Address Homelessness with the Urgency it Requires by:

  • Supporting implementation of American Rescue Plan programs, like Emergency Rental Assistance and the enhanced Child Tax Credit, that prevented families from housing loss and homelessness.
  • Reduced Veteran homelessness by 11 percent since 2020, the largest decline in Veteran homelessness in more than 5 years.
  • Organizing leaders from 105 communities across 31 states and territories and the District of Columbia to join House America. Collectively through House America, HUD and its partners are on track to achieve our collective goals to re-house 100,000 people and added 20,000 units of affordable housing to the pipeline.
  • Making $322 million in grants and 4,000 Stability Vouchers available in a first-of-its-kind package of resources to address unsheltered homelessness and homeless encampments, including funds set aside specifically to address homelessness in rural communities. HUD will award these funds in early 2023.
  • Expanding the Youth Homelessness Demonstration Program by awarding $84 million to an additional 17 communities to create youth-led coordinated systems for ending youth homelessness.

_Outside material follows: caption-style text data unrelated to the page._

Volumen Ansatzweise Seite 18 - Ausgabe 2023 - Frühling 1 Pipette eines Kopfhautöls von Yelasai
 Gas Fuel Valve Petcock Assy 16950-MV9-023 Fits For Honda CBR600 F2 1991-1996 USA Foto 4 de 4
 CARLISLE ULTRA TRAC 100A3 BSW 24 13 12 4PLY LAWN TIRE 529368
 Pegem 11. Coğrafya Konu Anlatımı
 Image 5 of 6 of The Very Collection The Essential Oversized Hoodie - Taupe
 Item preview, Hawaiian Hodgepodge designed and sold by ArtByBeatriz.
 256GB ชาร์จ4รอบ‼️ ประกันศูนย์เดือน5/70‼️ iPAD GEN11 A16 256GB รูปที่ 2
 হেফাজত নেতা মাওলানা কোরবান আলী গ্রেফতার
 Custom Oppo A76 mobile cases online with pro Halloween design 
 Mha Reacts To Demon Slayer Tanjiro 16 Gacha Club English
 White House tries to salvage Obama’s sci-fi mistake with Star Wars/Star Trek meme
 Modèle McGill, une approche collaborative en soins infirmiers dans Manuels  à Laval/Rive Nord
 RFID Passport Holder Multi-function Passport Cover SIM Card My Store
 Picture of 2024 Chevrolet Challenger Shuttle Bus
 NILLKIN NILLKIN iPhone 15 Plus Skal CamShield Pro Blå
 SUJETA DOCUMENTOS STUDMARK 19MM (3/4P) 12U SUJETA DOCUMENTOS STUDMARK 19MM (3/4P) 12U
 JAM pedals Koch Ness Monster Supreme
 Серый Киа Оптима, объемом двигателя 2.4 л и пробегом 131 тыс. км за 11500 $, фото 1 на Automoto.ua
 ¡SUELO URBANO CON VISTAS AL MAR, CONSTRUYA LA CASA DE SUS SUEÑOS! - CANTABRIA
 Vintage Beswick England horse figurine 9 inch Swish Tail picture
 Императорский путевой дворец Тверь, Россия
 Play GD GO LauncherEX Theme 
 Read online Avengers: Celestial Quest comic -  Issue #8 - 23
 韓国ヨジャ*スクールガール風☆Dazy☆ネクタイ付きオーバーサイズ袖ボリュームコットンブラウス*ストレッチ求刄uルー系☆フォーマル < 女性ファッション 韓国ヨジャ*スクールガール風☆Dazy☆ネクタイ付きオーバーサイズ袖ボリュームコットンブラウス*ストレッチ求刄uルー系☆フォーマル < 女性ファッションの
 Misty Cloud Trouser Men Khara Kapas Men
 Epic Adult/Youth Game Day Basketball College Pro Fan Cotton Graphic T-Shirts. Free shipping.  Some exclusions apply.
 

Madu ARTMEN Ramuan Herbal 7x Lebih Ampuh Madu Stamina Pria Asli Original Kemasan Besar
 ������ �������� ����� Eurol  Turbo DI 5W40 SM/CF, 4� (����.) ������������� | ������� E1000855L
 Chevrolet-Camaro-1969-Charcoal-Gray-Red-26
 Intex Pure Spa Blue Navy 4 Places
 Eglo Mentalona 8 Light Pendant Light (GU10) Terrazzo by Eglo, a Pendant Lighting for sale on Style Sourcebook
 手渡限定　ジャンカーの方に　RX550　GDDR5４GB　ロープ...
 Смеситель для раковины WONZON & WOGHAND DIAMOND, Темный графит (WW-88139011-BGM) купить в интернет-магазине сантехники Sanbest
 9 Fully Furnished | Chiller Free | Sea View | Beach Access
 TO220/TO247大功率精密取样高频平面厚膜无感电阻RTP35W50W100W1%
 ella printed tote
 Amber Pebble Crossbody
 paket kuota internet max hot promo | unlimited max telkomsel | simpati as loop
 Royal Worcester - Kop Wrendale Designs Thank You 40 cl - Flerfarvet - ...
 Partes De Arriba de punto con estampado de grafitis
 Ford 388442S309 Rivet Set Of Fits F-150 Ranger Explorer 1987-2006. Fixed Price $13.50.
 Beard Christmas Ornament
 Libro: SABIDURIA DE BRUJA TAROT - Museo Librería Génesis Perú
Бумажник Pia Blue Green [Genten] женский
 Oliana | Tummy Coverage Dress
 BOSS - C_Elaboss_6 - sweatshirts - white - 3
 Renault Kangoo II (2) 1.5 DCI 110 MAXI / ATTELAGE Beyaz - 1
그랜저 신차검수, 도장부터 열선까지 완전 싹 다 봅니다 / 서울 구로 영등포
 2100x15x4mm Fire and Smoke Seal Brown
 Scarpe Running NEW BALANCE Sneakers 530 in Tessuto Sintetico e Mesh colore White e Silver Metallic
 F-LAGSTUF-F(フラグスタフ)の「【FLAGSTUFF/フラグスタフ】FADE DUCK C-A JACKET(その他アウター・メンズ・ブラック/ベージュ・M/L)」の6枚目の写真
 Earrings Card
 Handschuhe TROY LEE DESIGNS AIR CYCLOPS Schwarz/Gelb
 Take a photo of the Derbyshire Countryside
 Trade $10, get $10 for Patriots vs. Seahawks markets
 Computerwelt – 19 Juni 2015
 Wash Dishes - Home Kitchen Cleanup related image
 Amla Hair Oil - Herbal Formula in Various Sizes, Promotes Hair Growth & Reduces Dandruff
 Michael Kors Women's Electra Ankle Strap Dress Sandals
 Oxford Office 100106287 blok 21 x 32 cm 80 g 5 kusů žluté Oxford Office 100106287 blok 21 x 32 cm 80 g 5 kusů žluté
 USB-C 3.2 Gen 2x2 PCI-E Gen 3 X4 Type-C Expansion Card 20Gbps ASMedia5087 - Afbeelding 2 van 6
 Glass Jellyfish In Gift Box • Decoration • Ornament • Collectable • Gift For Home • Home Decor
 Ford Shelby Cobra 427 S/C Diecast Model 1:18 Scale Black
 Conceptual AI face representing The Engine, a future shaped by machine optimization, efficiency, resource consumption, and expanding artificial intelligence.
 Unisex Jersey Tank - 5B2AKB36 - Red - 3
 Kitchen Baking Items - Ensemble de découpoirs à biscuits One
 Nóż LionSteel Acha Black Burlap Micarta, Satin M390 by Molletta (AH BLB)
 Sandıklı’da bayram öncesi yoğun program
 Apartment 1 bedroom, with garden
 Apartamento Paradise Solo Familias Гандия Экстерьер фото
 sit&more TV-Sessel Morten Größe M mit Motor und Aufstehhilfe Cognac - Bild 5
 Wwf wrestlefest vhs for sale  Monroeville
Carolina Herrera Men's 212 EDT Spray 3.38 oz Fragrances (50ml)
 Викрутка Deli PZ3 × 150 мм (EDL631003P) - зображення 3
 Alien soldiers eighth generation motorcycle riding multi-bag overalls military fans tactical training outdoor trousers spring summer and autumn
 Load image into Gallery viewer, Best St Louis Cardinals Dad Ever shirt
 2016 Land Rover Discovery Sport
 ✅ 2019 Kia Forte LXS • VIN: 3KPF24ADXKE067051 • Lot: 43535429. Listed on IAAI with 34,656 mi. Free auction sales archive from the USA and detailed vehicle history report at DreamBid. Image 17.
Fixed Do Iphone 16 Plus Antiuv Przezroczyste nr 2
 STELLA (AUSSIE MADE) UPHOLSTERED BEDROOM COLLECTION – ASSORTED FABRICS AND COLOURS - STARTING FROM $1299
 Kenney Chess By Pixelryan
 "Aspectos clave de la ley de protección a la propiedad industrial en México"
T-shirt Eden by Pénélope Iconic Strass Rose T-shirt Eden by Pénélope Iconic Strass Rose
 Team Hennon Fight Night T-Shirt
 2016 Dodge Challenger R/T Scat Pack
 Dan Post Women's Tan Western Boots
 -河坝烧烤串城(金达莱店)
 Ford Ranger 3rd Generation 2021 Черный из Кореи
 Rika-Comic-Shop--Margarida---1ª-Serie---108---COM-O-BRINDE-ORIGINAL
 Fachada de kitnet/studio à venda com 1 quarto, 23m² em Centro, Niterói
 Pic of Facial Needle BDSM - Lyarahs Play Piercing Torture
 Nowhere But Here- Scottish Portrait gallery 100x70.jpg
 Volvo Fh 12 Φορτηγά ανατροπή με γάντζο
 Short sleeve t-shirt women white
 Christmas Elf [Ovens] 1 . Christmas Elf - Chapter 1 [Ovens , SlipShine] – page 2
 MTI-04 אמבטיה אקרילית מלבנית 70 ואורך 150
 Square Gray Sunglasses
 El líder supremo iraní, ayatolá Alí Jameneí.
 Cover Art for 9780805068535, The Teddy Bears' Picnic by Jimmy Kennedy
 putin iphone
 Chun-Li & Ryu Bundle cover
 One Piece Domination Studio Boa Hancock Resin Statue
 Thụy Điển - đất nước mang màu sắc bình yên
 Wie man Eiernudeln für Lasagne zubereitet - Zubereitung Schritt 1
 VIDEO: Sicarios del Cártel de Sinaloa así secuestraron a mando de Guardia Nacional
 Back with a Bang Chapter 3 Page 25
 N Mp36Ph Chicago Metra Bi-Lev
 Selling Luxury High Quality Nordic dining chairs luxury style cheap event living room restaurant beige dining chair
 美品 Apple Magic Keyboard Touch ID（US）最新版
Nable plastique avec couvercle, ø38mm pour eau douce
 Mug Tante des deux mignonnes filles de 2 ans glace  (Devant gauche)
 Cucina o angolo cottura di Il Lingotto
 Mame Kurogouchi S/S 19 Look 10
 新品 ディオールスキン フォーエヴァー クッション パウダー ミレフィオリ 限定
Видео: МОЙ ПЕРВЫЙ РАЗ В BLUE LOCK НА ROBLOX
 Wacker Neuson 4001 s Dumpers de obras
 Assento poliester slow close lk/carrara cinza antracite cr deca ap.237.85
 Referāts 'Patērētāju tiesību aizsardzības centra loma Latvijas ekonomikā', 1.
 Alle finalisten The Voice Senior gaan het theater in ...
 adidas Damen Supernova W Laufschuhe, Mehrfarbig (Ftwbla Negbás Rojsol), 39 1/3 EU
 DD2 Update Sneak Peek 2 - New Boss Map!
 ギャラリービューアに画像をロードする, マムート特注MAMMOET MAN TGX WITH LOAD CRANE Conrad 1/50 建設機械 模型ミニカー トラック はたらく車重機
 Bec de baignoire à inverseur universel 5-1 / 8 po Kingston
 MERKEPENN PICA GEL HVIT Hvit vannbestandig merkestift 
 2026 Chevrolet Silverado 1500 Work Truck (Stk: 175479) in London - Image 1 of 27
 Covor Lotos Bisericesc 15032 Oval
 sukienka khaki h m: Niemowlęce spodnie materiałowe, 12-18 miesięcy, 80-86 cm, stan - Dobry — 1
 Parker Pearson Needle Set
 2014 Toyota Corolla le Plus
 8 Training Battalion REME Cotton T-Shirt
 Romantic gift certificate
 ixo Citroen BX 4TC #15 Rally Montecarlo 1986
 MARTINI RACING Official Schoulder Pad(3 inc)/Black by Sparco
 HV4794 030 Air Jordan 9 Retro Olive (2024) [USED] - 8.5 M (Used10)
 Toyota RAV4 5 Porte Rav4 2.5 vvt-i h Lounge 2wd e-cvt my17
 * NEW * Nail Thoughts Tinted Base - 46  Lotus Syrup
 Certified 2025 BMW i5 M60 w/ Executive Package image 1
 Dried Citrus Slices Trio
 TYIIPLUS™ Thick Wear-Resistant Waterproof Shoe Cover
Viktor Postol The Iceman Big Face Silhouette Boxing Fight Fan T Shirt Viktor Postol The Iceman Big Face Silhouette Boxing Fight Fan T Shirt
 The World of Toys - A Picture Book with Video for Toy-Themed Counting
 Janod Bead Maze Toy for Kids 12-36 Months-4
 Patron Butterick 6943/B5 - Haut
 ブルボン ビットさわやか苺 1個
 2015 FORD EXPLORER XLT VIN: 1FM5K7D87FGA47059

Made HUD Easier to Navigate So Our Help Reaches Those Who Need It Most by:

  • Taking the bold step of revising the Notice of Funding Opportunity (NOFO) template to reflect Secretary Fudge’s commitment to advancing racial equity.
  • Launching a first-of-its-kind guide for state, local, and Tribal officials detailing HUD programs, resources, and tools available to support, preserve, and produce affordable homes and to develop thriving neighborhoods where families can enjoy economic security.
  • Announcing the formation of the Tribal Intergovernmental Advisory Committee (TIAC), bringing together senior HUD officials and Tribal Leaders to ensure the needs of Tribes are being met in how HUD programs and designed and implemented.
  • Assisted state and communities through the HHS-HUD Housing and Services Resource Center to support community living among people with disabilities and older adults by coordinating housing assistance and home-based supportive services.